◆ **INSTRUCTIONS FOR THE TASK**
Nothing but the records, repeated exactly, should form the response.

◆ **EXERCISE INPUT**
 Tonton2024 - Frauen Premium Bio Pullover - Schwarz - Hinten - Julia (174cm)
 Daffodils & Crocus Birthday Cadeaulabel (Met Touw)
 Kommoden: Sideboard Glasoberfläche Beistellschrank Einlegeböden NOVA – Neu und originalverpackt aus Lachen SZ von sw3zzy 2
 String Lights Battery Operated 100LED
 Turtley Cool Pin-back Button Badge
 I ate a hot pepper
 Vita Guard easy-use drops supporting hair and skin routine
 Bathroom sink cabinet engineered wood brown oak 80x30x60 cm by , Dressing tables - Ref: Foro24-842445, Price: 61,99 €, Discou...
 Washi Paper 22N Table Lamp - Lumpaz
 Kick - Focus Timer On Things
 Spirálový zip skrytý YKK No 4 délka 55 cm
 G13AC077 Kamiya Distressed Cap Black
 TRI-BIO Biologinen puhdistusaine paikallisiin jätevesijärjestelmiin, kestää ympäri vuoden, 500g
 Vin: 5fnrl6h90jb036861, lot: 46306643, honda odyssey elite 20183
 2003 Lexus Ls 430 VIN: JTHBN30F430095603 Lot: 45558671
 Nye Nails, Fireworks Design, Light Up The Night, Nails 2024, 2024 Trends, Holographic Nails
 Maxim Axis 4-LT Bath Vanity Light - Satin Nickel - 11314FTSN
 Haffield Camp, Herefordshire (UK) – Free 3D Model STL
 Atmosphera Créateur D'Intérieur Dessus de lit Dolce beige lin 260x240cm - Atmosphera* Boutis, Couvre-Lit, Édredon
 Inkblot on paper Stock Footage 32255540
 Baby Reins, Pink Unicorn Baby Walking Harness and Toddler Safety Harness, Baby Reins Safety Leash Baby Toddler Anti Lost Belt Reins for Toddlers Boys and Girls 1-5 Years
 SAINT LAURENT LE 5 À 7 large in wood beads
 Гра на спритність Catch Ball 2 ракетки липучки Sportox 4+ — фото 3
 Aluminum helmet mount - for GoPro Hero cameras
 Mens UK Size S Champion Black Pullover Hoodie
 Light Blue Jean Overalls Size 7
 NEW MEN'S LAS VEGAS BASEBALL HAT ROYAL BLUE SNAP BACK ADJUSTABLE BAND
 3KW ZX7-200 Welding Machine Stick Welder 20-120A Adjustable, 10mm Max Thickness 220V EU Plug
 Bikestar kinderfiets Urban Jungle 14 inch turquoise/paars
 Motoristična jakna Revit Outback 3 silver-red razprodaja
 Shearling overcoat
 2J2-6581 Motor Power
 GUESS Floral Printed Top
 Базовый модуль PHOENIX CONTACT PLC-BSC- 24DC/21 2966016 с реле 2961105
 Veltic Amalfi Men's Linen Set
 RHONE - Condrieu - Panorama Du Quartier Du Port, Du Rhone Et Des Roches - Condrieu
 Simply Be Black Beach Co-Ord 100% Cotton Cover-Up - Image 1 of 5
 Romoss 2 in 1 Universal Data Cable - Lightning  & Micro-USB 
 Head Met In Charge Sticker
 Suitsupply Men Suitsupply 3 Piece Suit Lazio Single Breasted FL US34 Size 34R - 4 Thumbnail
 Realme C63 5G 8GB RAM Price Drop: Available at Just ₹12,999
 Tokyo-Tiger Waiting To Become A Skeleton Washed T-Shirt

◆ **ANSWER SECTION**
 Tonton2024 - Frauen Premium Bio Pullover - Schwarz - Hinten - Julia (174cm)
 Daffodils & Crocus Birthday Cadeaulabel (Met Touw)
 Kommoden: Sideboard Glasoberfläche Beistellschrank Einlegeböden NOVA – Neu und originalverpackt aus Lachen SZ von sw3zzy 2
 String Lights Battery Operated 100LED
 Turtley Cool Pin-back Button Badge
 I ate a hot pepper
 Vita Guard easy-use drops supporting hair and skin routine
 Bathroom sink cabinet engineered wood brown oak 80x30x60 cm by , Dressing tables - Ref: Foro24-842445, Price: 61,99 €, Discou...
 Washi Paper 22N Table Lamp - Lumpaz
 Kick - Focus Timer On Things
 Spirálový zip skrytý YKK No 4 délka 55 cm
 G13AC077 Kamiya Distressed Cap Black
 TRI-BIO Biologinen puhdistusaine paikallisiin jätevesijärjestelmiin, kestää ympäri vuoden, 500g
 Vin: 5fnrl6h90jb036861, lot: 46306643, honda odyssey elite 20183
 2003 Lexus Ls 430 VIN: JTHBN30F430095603 Lot: 45558671
 Nye Nails, Fireworks Design, Light Up The Night, Nails 2024, 2024 Trends, Holographic Nails
 Maxim Axis 4-LT Bath Vanity Light - Satin Nickel - 11314FTSN
 Haffield Camp, Herefordshire (UK) – Free 3D Model STL
 Atmosphera Créateur D'Intérieur Dessus de lit Dolce beige lin 260x240cm - Atmosphera* Boutis, Couvre-Lit, Édredon
 Inkblot on paper Stock Footage 32255540
 Baby Reins, Pink Unicorn Baby Walking Harness and Toddler Safety Harness, Baby Reins Safety Leash Baby Toddler Anti Lost Belt Reins for Toddlers Boys and Girls 1-5 Years
 SAINT LAURENT LE 5 À 7 large in wood beads
 Гра на спритність Catch Ball 2 ракетки липучки Sportox 4+ — фото 3
 Aluminum helmet mount - for GoPro Hero cameras
 Mens UK Size S Champion Black Pullover Hoodie
 Light Blue Jean Overalls Size 7
 NEW MEN'S LAS VEGAS BASEBALL HAT ROYAL BLUE SNAP BACK ADJUSTABLE BAND
 3KW ZX7-200 Welding Machine Stick Welder 20-120A Adjustable, 10mm Max Thickness 220V EU Plug
 Bikestar kinderfiets Urban Jungle 14 inch turquoise/paars
 Motoristična jakna Revit Outback 3 silver-red razprodaja
 Shearling overcoat
 2J2-6581 Motor Power
 GUESS Floral Printed Top
 Базовый модуль PHOENIX CONTACT PLC-BSC- 24DC/21 2966016 с реле 2961105
 Veltic Amalfi Men's Linen Set
 RHONE - Condrieu - Panorama Du Quartier Du Port, Du Rhone Et Des Roches - Condrieu
 Simply Be Black Beach Co-Ord 100% Cotton Cover-Up - Image 1 of 5
 Romoss 2 in 1 Universal Data Cable - Lightning  & Micro-USB 
 Head Met In Charge Sticker
 Suitsupply Men Suitsupply 3 Piece Suit Lazio Single Breasted FL US34 Size 34R - 4 Thumbnail
 Realme C63 5G 8GB RAM Price Drop: Available at Just ₹12,999
 Tokyo-Tiger Waiting To Become A Skeleton Washed T-Shirt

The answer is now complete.